The value of saving £10 a week into Dow Jones Index compared to saving £10 a week into Bitcoin, from Feb 2017 to Feb 2020
An additional challenge comes in the form of scams and bad business practices. Potential investors must be careful to do their due diligence on any exchange platform or digital wallet where they choose to store their cryptocurrency. Likewise, they should be sure to understand the best practices for securing their Digital Assets. Some investors may find that they feel more confident trusting an institutional solution such as Fidelity Digital Assets.
What does the future hold?
No-one can say with certainty what markets or regulators will do although On Yavin, who is CEO and co-founder of Cointelligence, has recently told me, “I, for one, am optimistic about the future of BTC and Digital Assets. And I’m not alone in this—Gartner and Deloitte have both predicted that Digital Assets will continue to grow into a multi-trilliondollar industry. In mid 2019, Gartner’s projections suggested that Blockchain would “deliver 3.1 trillion dollars in value by 2030.”

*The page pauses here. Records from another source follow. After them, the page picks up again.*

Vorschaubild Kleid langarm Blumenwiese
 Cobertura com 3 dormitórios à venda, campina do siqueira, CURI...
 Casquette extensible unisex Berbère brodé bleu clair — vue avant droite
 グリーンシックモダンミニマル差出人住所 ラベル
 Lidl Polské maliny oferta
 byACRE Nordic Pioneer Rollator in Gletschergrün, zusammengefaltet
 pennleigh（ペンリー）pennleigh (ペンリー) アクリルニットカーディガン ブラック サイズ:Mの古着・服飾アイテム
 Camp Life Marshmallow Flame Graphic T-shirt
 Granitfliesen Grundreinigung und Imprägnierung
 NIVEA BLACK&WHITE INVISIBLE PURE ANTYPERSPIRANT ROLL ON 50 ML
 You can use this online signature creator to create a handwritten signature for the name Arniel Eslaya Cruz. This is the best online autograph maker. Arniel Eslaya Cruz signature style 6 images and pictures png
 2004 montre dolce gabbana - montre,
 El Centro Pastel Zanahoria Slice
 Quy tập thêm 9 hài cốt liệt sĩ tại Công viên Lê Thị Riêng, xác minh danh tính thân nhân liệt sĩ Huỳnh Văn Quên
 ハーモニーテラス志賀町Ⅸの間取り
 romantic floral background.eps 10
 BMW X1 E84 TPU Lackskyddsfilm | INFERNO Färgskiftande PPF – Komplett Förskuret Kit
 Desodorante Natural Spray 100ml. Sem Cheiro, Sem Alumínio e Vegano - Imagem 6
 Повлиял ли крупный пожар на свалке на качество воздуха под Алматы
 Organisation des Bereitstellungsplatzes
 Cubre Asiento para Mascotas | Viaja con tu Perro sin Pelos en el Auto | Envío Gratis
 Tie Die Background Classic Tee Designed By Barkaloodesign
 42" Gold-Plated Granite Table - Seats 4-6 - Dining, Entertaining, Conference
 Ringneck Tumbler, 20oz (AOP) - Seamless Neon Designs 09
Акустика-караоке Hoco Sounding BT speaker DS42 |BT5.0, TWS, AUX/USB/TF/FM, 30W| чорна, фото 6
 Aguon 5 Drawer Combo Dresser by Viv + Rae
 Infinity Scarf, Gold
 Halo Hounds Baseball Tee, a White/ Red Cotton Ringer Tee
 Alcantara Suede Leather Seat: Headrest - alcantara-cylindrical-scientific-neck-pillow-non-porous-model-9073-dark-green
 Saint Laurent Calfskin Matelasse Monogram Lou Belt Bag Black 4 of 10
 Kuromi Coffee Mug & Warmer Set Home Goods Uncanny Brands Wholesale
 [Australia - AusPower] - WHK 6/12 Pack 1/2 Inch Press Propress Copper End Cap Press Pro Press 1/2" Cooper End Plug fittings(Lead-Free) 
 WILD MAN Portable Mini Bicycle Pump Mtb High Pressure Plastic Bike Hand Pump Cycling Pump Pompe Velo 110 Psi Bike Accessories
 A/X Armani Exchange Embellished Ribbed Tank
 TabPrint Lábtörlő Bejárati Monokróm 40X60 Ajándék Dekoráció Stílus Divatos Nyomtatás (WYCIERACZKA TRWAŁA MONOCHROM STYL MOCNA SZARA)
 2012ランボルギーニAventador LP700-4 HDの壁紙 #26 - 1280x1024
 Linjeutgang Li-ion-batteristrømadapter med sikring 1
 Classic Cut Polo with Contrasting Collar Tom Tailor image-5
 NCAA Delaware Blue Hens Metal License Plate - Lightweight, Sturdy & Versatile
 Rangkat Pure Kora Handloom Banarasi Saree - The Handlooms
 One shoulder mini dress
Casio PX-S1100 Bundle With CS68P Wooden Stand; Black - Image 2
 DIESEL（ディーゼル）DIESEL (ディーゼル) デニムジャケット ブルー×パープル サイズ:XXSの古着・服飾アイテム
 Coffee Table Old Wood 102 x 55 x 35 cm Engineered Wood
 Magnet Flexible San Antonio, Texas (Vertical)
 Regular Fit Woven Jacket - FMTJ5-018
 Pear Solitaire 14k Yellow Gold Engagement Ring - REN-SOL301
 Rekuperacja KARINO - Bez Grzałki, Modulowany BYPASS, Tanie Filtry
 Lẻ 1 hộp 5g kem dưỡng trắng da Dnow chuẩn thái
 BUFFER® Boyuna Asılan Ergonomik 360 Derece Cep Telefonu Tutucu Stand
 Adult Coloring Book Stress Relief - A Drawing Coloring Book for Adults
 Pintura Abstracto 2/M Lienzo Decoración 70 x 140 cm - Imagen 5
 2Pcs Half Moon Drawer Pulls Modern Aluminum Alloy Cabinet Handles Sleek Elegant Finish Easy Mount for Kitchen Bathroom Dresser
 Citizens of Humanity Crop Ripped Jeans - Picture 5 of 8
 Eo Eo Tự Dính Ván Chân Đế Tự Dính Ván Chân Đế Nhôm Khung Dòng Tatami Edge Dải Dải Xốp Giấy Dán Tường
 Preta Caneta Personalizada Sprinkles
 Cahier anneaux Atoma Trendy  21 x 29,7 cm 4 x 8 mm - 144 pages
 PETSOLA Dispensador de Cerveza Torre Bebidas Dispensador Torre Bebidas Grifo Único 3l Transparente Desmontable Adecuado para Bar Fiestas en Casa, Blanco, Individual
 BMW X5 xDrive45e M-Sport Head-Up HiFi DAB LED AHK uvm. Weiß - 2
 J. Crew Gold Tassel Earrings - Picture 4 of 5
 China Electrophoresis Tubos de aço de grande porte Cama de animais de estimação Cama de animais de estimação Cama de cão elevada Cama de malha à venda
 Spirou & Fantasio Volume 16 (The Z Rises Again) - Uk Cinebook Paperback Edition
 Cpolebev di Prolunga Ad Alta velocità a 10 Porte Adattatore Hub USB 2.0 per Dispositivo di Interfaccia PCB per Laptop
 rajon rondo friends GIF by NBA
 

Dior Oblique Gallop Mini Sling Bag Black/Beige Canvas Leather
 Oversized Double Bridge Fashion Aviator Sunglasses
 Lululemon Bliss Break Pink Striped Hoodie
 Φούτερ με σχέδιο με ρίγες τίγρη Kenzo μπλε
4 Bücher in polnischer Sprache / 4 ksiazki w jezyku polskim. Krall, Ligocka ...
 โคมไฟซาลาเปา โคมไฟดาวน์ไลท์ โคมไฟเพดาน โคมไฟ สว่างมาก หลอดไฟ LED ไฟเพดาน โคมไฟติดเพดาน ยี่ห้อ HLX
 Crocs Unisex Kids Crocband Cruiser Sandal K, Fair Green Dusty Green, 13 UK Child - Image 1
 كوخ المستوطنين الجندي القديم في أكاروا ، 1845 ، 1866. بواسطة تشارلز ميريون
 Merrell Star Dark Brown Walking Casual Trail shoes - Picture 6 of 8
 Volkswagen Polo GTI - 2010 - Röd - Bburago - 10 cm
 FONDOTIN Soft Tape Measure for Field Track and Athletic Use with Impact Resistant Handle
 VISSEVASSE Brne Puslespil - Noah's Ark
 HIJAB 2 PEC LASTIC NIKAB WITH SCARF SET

Undoubtedly, education is a key requirement that investors need in order to understand more about this new asset class. This is particularly important now as more and more investors rely on their own research and less and less of financial advisers, who in many cases are “not up to speed” themselves. Yavin has been surprised at the interest generated both for Cointelligence online, as well as its attendance courses, which have had over 6,000 people registering since September 2019. This clearly demonstrates the thirst there is for more information and education. Surely this has to be a good thing, sifting the myths from the reality and giving investors the knowledge and tools that are going to be required? In turn, the actions of major corporations back up this prediction. From Facebook’s Libra project, to both JPMorgan and Visa using Blockchain-based payment solutions, to Walmart using Blockchain for supply chain tracking, we are seeing more and more businesses embracing the possibility of both Blockchain and Digital Assets. Other businesses are sure to follow suit, simply out of fear of being left behind.
Virgin Galactic CEO, Chamath Palihapitiya, thinks investors ought to put a small percentage of their net worth into Bitcoin as “insurance”. “I think a reasonable strategy is to say 1% of my net worth should be in something completely uncorrelated to the world and how the world works. You quietly over some time accumulate a position and then just never look at it again and hope that that insurance under the mattress never has to come due. But it is does, it will protect you”. This is not a particularly surprising statement since Virgin Galactic has previously demonstrated its belief in crypto by accepting Bitcoin as a form of payment for its space flights since 2013!
Six years ago, cryptocurrency was the domain of “computer nerds”. Two years ago, it was seen as the basis of “get-rich-quick” schemes. But in 2020, we are seeing more and more institutional engagement, steps towards mass adoption and worldwide acceptance. As cryptocurrency grows and matures as an asset class, BTC is likely to become an increasingly important part of every investor’s portfolio. This can be seen in the fact that Grayscale reported $600M in investments in its digital asset investment products in 2019, much of which came from institutions and hedge funds.
Institutions and individuals alike are sitting up and taking notice of BTC. Digital Assets are moving away from the fringe and into the mainstream, finally getting the respect they deserve. Of all the changes that 2020 has brought and will continue to bring, this may be one of the most exciting and positive.